Since most of the regex handling for copying the string and extracting out
${^PREMATCH} etc is done based on the RXf_PMf_KEEPCOPY flag in the regex,
this is a bit of a problem.
Prior to 5.18.0 this wasn't so noticeable, since various other bugs around
//p handling meant that ${$PREMATCH} etc often accidentally got set
anyway. 5.18.0 fixed these bugs, and so as a side-effect, exposed the
PMOP verses regex flag issue.

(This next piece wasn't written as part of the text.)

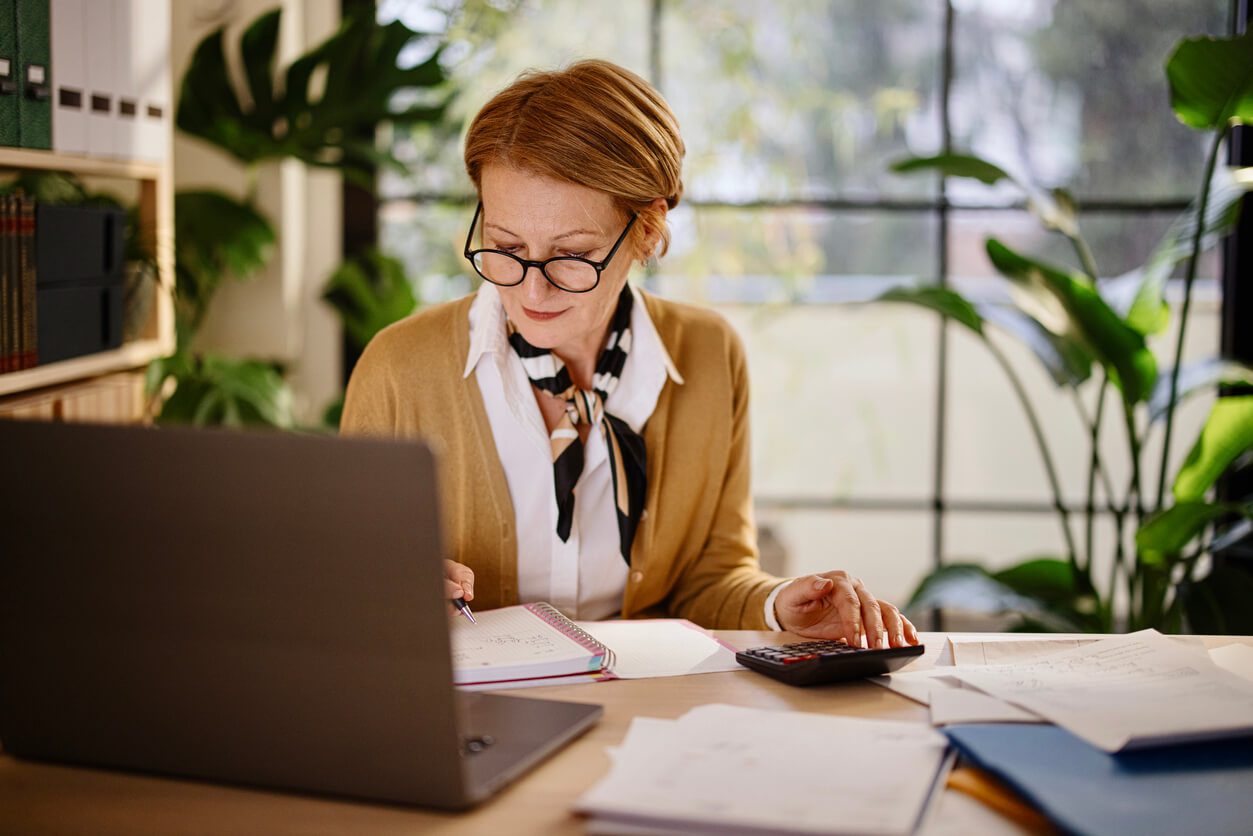 Middle aged businesswoman using laptop while working from home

In particular, this stopped working in
5.18.0:
my $pat = qr/a/;
'aaaa' =~ /$pat/gp or die;
print "MATCH=[${^MATCH}]\n";
(prints 'a' in 5.16.0, undef in 5.18.0).
The presence /g caused the engine to copy the string anyway by luck.
We can't just set the RXf_PMf_KEEPCOPY flag on the regex if we see the
PMf_KEEPCOPY flag on the PMOP, otherwise stuff like this will be wrong:
$r = qr/..../;
/$r/p; # set RXf_PMf_KEEPCOPY on $r
/$r/; # does a /p match by mistake
Since for 5.19.x onwards COW is enabled by default (and cheap copies are
always made regardless of /p), then this fix is mainly for PERL_NO_COW
builds and for backporting to 5.18.x. (Although it still applies to
strings that can't be COWed for whatever reason).
Since we can't set a flag in the rx, we fix this by:
1) when calling the regex engine (which may attempt to copy part or all of
the capture string), make sure we pass REXEC_COPY_STR, but neither of
REXEC_COPY_SKIP_PRE, REXEC_COPY_SKIP_POST when we call regexec() from
pp_match or pp_subst when the corresponding PMOP has PMf_KEEPCOPY set.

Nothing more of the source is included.